Write out each entry below exactly; the images do not belong in your copy.

######

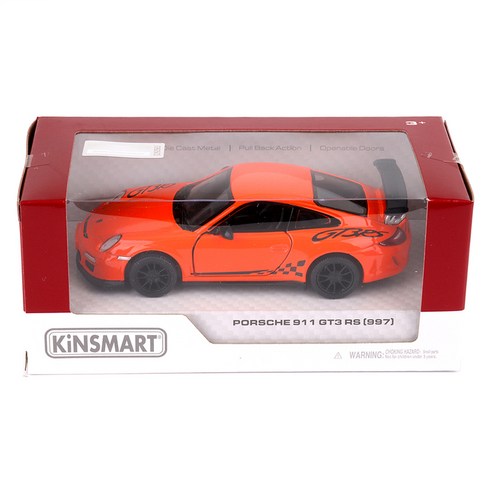 킨스마트 포르쉐 911 GT3 RS 다이캐스트 KT5352, 오렌지, 1개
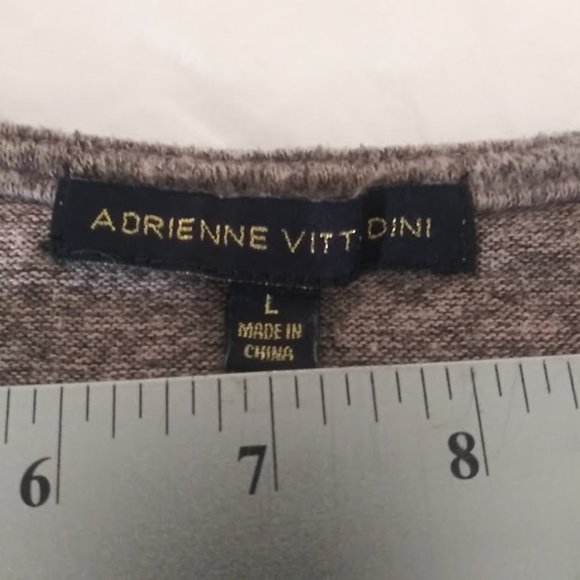 Adrienne Vittadini women's size L light pink and black marbled sweater - Picture 13 of 15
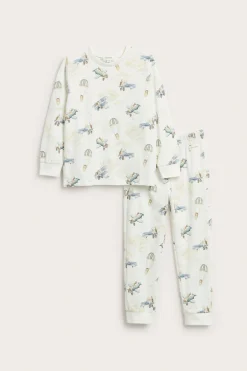 Pyjamas med luftballongprint
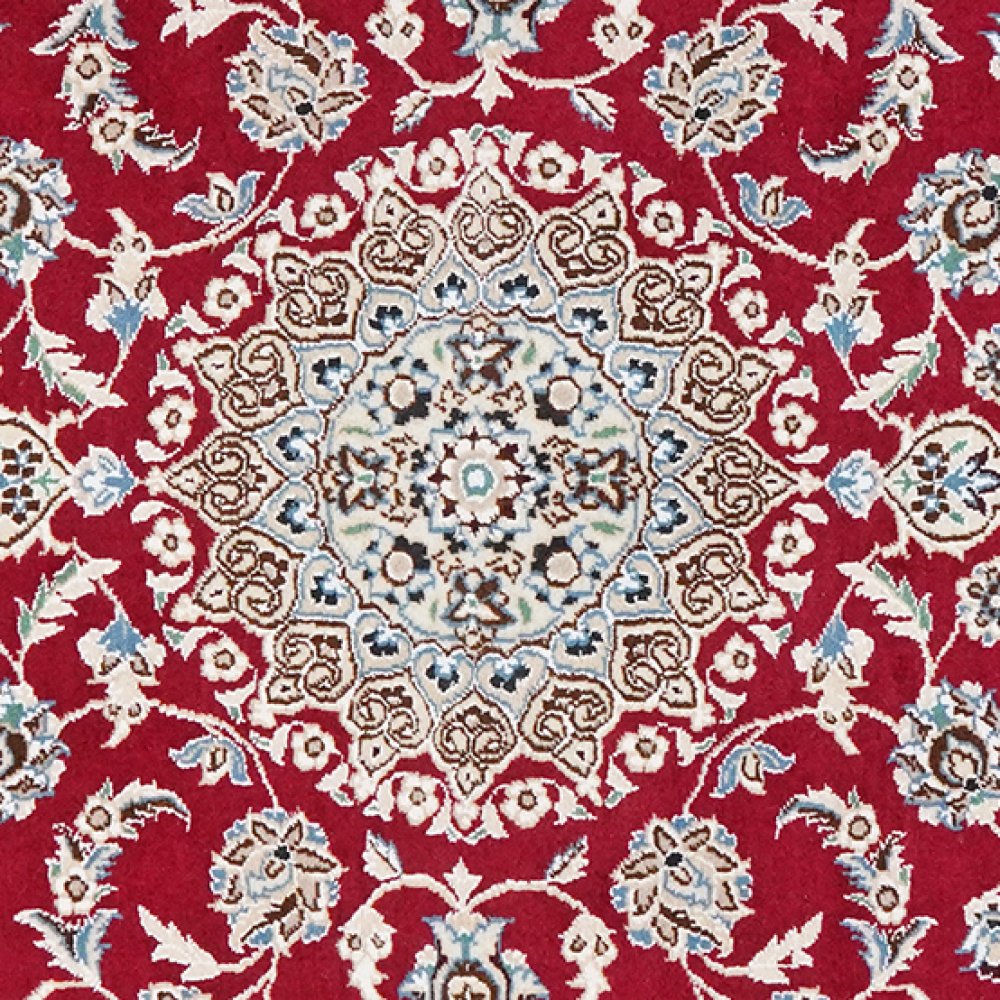 Nain 9La — Hand-knotted, 88x133 cm, Red, 100% Virgin Wool | View 4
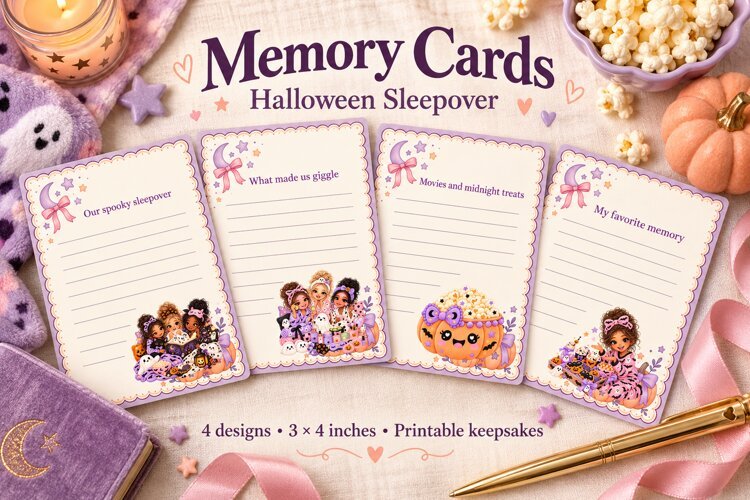 Memory Cards Halloween Sleepover example image 1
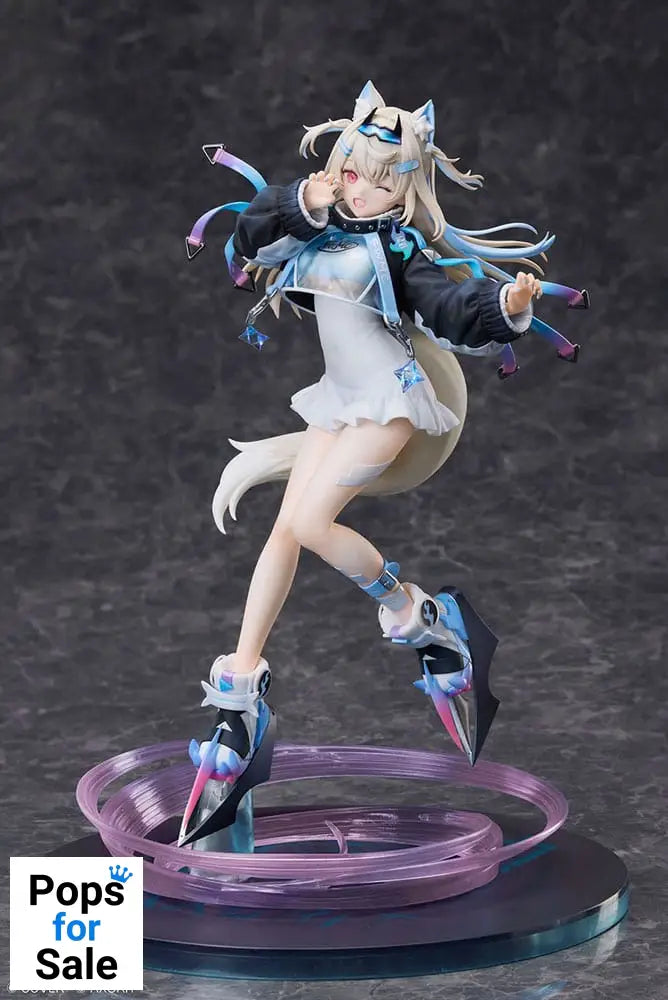 Hololive Production PVC Statue 1/7 Advent Fuwawa Abyssgard AXGRIT Ver. Standard Edition 27 cm
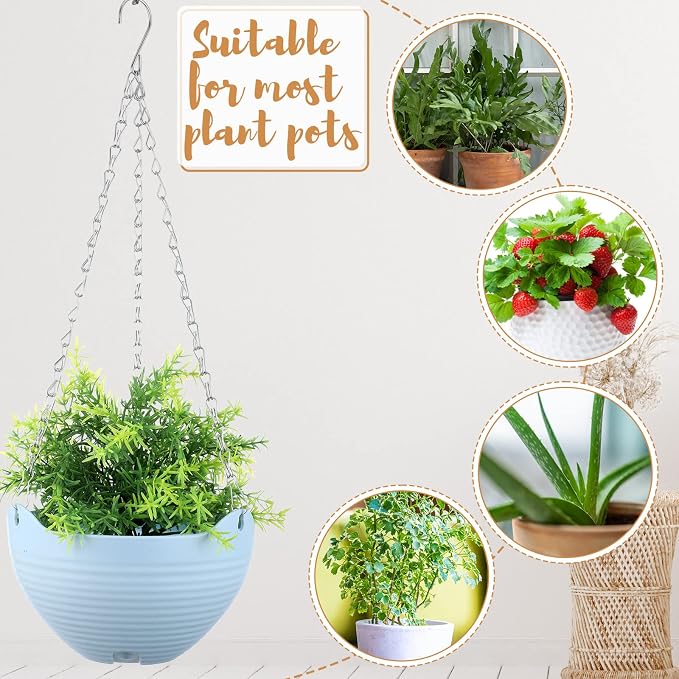 Zopeal 16 Pack Self Watering Hanging Planters, 8 Inch, Resin Material - Image 7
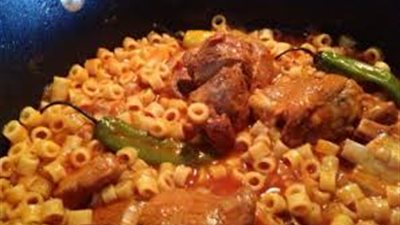 طريقة عمل المبكبكة  بدون لحم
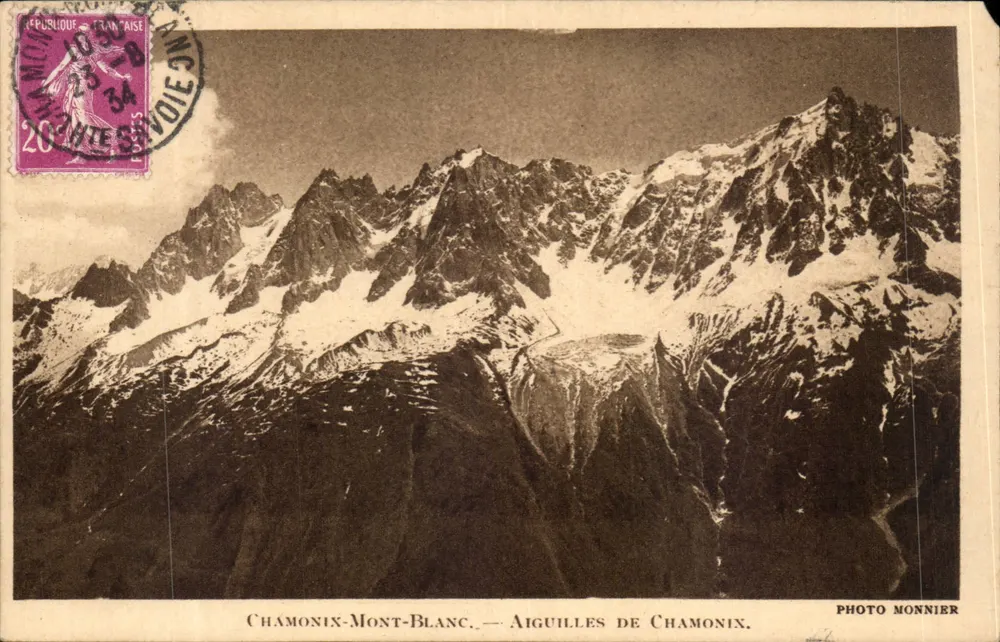 Chamonix-Mont-Blanc — Aiguilles de Chamonix — Foto Monnier - Frente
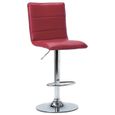 🐻1480Bon Magnifique - Chaise de bar Tabouret de bar classique Moderne Chaises Haute cuisine -Chaise de salle à manger - Rouge borde-0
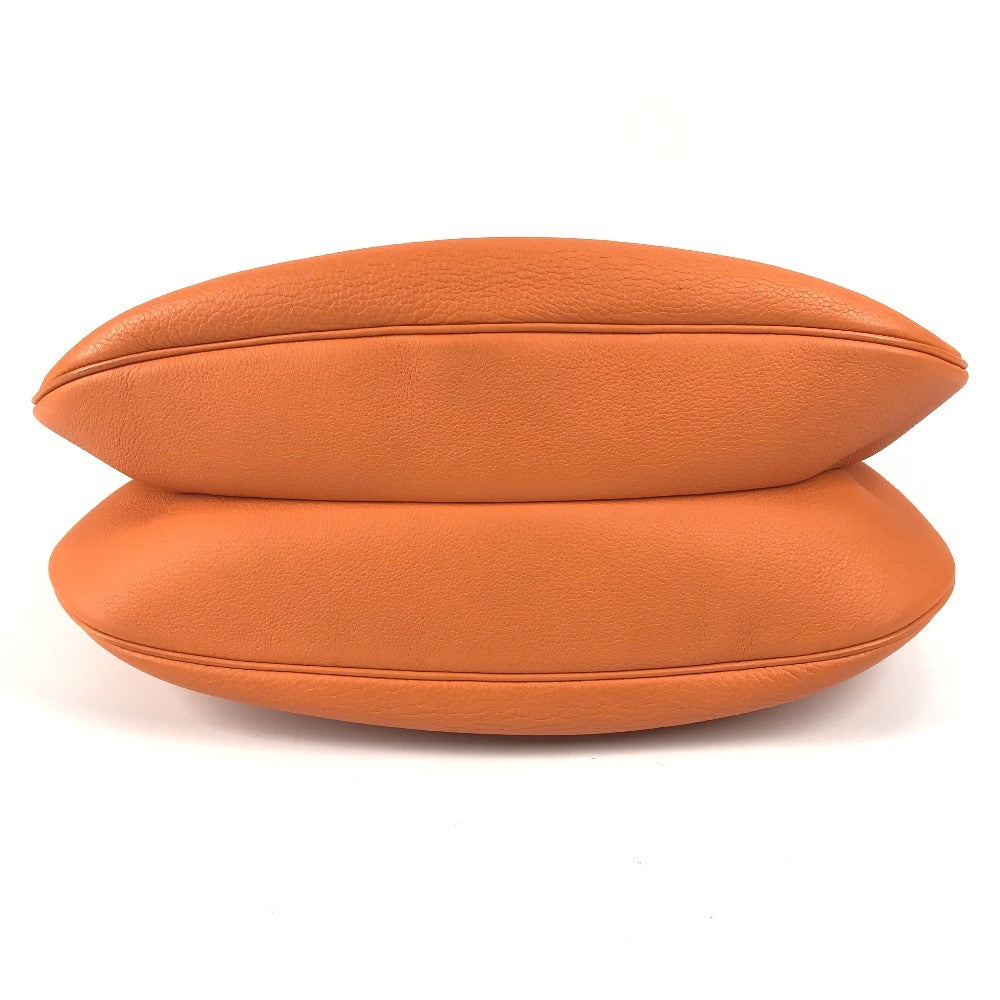 HERMES Gao Shoulder Bag, Leather, Women's, Orange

######

## Answer for the task
 킨스마트 포르쉐 911 GT3 RS 다이캐스트 KT5352, 오렌지, 1개
 Adrienne Vittadini women's size L light pink and black marbled sweater - Picture 13 of 15
 Pyjamas med luftballongprint
 Nain 9La — Hand-knotted, 88x133 cm, Red, 100% Virgin Wool | View 4
 Memory Cards Halloween Sleepover example image 1
 Hololive Production PVC Statue 1/7 Advent Fuwawa Abyssgard AXGRIT Ver. Standard Edition 27 cm
 Zopeal 16 Pack Self Watering Hanging Planters, 8 Inch, Resin Material - Image 7
 طريقة عمل المبكبكة  بدون لحم
 Chamonix-Mont-Blanc — Aiguilles de Chamonix — Foto Monnier - Frente
 🐻1480Bon Magnifique - Chaise de bar Tabouret de bar classique Moderne Chaises Haute cuisine -Chaise de salle à manger - Rouge borde-0
 HERMES Gao Shoulder Bag, Leather, Women's, Orange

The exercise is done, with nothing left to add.